# Finnish Military Bicycles



## milbicycleman (Jul 7, 2012)

Does anyone have any information on Finnish Military Bicycles? I know they were in use from wwii all the way to the late 90's.


----------



## 42 Columbia MG (Jul 9, 2012)

*I have a Finnish Army bicycle*

I believe it is a Tunturi or Monark -- it is unbadged -- and dates from WWII. It was rebuilt and upgraded in 1974 but it has details like the hole in the rear fender for the original WWII German-style rear reflector. Everything is original. The rear plate identifies the bicycle as belonging to the Porin Prikaati or Pori Brigade which dates to the 1600s. The Pori Brigade, which ultimately forms the Readiness Brigade of the Western Command, is the Training Center for the Army and the Finnish Rapid Deployment Force (FRDF).













I'd like to learn more about my particular bicycle but haven't come across much relevant information. There are a few other Finnish Army bicycle owners that I know of but they are not nearly as numerous as Swiss Army bicycle owners.


----------



## milbicycleman (Jul 10, 2012)

Hi Jerry,
Thanks for the information, I have a Tunturi made bike and it is all original. I ended up winning a silver award at the national mvpa in Dayton Ohio with it. 




Alexander


----------



## wak1567 (Sep 7, 2012)

The Finnish Army utilized bicycles extensively during the Continuation War and Lapland War. It is widely acknowledged that cycling is one of the best ways for people to achieve good health and fitness. People who cycle regularly live longer than those who do not and lead healthier lives.


----------



## milbicycleman (Sep 9, 2012)

I have read that on a number of Finnish history websites.
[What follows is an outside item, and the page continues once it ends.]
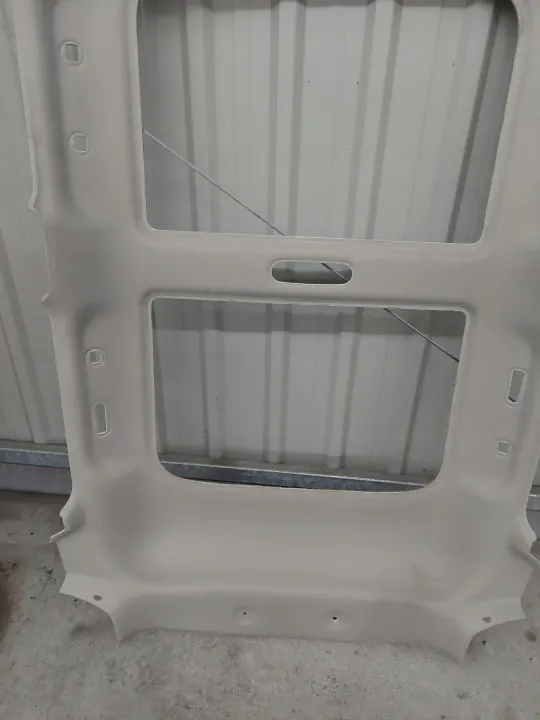 MINI COOPER F55 F56 ONE 14- 5D Aurinkosuoja OEM image 3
It would be interesting to know how the bikes were used later on because the Finnish military sold them all off in 1999.


----------



## Wing Your Heel (Sep 14, 2012)

*?*

I have a Wartime Finish bicycle too...


----------



## milbicycleman (Sep 16, 2012)

That looks like a wartime BSA, but I don't think your bike is Finnish military. The "finish" on your bike is one "n" whereas "Finnish" is two "n"s. It looks like a cool bike.


----------



## Wing Your Heel (Sep 17, 2012)

*!*

It's what passes for 'humour' here in jolly olde england. 

Our country runs on puns


----------



## milbicycleman (Sep 18, 2012)

I understand now.


----------